Kirjoittanut: Teemu Istolainen - tiimistä Avanteam.

Esseen tyyppi: Yksilöessee / 2 esseepistettä.

KIRJALÄHTEET
KIRJA KIRJAILIJA
Shoe Dog: A Memoir by the Creator of Nike
Knight, Phil
Esseen arvioitu lukuaika on 3 minuuttia.

I’m addicted to sneakers. So, choosing to read this book that combines business and sneakers is a no-brainer for me. It was also one of the best books that Bill Gates had read in 2016.

Shoe Dog: a memoir by the creator of Nike is an autobiography by the founder of Nike, Phil Knight. He was born in Portland, Oregon, U.S.A in February 1938. In the 1960’s he came up with a crazy idea to import Japanese running shoes to the United States. The idea came from him seeing Japanese cameras being popular in the States, so he thought, why not shoes? In November 1962, after graduating from Stanford, he went for a trip around the world, one stop being Kobe, Japan where he met with the owner of Onitsuka Tiger, a shoe manufacture company.

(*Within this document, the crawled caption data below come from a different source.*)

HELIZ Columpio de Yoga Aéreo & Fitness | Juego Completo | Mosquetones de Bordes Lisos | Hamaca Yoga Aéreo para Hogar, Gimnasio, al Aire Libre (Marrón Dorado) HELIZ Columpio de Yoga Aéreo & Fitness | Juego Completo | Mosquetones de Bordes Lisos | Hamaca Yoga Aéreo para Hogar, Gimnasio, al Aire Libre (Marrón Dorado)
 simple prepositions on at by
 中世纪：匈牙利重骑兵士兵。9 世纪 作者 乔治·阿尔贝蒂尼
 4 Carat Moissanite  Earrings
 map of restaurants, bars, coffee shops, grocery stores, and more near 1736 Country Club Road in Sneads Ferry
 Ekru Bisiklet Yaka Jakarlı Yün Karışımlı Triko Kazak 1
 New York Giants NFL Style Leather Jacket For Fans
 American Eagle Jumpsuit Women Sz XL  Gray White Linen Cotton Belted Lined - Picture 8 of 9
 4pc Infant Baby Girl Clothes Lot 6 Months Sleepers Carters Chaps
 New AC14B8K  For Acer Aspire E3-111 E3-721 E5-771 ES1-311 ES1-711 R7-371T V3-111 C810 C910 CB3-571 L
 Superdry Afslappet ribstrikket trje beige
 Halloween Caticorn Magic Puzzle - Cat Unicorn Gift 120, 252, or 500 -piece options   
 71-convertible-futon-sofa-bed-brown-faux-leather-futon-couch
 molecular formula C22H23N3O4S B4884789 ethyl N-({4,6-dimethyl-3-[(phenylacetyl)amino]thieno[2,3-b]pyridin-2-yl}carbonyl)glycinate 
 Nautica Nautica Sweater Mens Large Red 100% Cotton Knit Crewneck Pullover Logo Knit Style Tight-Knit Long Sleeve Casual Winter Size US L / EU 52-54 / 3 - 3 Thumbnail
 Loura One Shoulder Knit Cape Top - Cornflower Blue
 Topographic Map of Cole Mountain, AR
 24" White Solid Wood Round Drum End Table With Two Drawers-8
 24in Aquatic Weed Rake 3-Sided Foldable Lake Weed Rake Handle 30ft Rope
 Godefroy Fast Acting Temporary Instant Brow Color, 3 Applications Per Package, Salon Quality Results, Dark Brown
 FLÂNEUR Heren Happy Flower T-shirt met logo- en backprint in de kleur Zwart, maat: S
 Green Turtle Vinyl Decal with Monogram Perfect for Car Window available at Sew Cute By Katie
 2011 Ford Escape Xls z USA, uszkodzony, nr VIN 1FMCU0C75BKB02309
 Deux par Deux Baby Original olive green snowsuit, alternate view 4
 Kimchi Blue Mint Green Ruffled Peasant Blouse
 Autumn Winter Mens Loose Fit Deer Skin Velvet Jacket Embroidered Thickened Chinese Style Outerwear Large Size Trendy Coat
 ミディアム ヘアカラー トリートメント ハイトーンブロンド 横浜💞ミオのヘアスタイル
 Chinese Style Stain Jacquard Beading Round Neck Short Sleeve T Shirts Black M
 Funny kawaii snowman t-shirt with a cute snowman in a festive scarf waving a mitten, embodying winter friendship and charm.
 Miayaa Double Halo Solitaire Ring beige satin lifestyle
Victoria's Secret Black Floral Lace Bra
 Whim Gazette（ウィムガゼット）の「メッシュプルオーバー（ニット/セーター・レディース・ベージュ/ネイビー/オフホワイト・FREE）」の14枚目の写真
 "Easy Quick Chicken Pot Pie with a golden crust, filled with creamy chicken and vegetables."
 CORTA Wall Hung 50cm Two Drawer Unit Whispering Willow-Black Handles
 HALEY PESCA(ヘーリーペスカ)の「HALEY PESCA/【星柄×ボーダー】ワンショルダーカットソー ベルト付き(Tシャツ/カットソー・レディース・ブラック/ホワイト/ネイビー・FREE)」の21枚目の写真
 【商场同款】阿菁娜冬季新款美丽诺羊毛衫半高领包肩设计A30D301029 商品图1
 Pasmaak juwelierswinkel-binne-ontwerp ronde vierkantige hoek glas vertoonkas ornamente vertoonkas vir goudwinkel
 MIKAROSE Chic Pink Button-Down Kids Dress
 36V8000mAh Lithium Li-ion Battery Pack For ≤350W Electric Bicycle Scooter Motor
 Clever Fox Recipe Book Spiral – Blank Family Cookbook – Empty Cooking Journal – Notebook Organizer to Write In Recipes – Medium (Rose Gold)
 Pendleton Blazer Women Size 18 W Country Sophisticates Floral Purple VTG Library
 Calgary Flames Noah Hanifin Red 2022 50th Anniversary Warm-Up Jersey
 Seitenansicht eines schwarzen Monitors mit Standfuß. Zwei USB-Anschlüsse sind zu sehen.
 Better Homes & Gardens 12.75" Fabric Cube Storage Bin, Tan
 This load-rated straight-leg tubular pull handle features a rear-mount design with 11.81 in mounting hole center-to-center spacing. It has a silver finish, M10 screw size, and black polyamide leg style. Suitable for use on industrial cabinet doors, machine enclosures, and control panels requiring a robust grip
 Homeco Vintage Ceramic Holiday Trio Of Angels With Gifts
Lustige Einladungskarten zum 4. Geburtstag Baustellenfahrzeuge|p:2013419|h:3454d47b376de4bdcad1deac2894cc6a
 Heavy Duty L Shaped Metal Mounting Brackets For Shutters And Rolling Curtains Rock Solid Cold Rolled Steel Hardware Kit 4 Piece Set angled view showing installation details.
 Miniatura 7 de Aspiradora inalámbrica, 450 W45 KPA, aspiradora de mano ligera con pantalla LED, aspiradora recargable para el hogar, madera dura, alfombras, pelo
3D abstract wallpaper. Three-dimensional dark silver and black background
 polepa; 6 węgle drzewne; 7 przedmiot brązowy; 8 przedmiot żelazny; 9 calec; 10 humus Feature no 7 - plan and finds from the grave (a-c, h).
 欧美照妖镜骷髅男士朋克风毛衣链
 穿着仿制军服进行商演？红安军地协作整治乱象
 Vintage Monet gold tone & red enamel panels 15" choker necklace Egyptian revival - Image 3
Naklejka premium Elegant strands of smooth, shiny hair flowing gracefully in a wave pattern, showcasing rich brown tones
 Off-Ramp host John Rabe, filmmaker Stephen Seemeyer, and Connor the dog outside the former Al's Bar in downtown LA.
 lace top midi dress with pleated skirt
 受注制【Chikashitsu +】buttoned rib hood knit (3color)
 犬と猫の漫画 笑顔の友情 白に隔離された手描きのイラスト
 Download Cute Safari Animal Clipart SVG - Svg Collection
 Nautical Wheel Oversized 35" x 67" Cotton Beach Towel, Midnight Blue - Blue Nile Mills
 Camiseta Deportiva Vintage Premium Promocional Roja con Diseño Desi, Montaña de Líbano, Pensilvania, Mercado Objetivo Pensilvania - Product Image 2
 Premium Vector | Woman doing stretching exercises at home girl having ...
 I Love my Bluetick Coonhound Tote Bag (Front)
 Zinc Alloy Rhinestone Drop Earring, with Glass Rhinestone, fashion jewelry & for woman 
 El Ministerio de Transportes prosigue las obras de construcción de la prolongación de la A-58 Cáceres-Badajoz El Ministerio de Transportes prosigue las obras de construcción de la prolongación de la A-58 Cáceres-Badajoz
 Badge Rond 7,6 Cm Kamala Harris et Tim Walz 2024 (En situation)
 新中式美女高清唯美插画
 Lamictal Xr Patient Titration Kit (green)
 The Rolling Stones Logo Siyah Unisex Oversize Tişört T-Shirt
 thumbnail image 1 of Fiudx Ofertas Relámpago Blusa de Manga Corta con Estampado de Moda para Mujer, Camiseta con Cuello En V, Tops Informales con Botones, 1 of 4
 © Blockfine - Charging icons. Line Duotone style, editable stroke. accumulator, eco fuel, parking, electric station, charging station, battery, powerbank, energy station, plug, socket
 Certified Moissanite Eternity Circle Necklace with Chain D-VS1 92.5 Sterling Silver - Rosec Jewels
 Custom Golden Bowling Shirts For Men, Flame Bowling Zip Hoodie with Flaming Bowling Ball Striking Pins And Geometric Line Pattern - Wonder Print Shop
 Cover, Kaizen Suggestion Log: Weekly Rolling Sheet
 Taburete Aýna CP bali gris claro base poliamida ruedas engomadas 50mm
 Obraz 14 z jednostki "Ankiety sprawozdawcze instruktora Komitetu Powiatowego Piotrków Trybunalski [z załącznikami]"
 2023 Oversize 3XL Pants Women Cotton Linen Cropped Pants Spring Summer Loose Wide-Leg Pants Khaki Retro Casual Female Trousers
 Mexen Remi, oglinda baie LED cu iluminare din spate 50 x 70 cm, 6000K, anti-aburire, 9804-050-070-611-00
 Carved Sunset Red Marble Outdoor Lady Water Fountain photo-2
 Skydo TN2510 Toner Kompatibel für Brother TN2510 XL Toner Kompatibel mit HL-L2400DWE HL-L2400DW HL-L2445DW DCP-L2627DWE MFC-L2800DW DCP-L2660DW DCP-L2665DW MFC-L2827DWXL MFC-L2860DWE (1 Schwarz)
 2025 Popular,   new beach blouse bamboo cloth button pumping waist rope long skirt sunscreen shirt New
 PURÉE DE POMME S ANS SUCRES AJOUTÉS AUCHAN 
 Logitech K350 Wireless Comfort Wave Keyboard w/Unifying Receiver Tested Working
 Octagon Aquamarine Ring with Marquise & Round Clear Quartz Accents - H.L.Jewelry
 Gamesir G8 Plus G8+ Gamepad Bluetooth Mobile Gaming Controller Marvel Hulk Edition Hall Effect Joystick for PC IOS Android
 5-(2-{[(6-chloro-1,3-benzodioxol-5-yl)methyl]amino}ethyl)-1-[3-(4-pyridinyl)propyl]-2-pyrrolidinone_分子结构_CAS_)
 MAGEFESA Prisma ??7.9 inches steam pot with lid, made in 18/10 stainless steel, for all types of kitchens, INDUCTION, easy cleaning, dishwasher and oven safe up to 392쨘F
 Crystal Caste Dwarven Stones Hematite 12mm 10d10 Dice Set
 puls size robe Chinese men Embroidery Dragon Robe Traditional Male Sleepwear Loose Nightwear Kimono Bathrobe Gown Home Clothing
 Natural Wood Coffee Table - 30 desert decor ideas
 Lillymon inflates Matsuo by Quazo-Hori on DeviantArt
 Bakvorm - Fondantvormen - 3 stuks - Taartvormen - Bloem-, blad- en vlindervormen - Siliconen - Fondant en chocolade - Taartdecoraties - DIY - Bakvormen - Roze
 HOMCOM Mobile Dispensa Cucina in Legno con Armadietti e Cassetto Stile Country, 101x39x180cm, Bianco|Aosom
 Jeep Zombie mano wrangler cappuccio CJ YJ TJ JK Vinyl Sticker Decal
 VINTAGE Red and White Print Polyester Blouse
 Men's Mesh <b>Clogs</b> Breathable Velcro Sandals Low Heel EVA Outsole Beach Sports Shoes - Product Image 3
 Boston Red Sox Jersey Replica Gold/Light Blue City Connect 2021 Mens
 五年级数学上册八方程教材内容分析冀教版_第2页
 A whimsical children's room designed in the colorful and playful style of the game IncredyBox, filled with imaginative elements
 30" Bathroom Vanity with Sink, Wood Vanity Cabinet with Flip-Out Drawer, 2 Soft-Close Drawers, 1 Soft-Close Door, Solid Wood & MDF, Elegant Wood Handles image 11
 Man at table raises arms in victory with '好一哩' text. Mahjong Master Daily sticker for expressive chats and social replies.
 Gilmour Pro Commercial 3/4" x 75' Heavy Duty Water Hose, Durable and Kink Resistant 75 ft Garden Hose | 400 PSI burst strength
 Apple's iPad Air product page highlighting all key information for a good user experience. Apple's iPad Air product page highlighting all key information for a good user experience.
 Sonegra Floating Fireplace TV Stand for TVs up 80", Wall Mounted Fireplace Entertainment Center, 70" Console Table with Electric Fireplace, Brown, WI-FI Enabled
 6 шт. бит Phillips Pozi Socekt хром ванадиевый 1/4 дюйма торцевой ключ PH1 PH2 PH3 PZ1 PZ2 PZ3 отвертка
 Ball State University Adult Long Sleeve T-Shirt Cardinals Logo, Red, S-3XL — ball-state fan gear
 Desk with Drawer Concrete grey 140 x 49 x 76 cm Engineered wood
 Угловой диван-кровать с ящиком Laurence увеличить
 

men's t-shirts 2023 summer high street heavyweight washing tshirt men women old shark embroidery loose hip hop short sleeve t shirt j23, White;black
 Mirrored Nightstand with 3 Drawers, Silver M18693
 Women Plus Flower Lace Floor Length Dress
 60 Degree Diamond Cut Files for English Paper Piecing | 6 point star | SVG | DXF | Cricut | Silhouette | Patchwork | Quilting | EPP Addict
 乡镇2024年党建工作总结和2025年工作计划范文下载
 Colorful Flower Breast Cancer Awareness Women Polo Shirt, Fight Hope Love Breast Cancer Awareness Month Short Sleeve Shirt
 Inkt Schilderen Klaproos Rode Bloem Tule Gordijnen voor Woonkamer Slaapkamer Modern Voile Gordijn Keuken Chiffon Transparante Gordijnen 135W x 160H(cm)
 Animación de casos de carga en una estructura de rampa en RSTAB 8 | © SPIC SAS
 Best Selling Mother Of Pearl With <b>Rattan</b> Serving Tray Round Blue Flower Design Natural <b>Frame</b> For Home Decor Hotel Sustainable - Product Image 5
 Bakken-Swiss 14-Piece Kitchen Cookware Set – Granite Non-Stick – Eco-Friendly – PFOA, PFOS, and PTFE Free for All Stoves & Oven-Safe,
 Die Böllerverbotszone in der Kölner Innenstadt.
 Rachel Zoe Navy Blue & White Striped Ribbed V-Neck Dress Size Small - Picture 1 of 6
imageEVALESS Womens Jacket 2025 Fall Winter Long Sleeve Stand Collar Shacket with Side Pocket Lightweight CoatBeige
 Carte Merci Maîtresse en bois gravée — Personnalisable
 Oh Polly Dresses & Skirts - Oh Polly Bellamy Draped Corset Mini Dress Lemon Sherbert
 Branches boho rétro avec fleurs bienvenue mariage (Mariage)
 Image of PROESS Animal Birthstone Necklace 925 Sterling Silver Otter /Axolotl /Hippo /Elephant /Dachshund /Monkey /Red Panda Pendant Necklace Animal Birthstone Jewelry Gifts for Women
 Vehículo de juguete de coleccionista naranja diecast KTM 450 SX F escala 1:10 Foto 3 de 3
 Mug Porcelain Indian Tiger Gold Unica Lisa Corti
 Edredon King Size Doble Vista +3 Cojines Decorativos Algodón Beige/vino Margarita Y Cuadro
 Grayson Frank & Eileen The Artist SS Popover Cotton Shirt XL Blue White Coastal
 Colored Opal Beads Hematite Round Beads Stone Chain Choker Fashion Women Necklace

He left the meeting with distribution rights for the western United States. Blue Ribbon Sports was born. He then went back to the US and partnered with his former running coach Bill Bowerman.

During the next few years, Phil Knight, Bill Bowerman, and Jeff Johnson, the first official employee of Nike, continuously sold more shoes, while Bowerman was also attending running competitions tracking the performance of the athletes and of course the shoes, even in the 1964 Olympics in Japan. Blue Ribbon Sports was growing steadily. Knight started working as an accountant at Price Waterhouse, while running Blue Ribbon Sports during the early mornings, late nights, and weekends plus vacations.

In 1966, Johnson fell asleep while driving, shattering his collarbone, foot, and skull when he crashed. Knight wrote him a letter and closed it by telling Johnson if he sold 3,250 pairs of Tigers by the end of June 1966, Blue Ribbon Sports would open their first retail store in the West Coast where Johnson was located. September 1966, 3107 Pico Boulevard, Santa Monica, the first retail store of Nike was opened.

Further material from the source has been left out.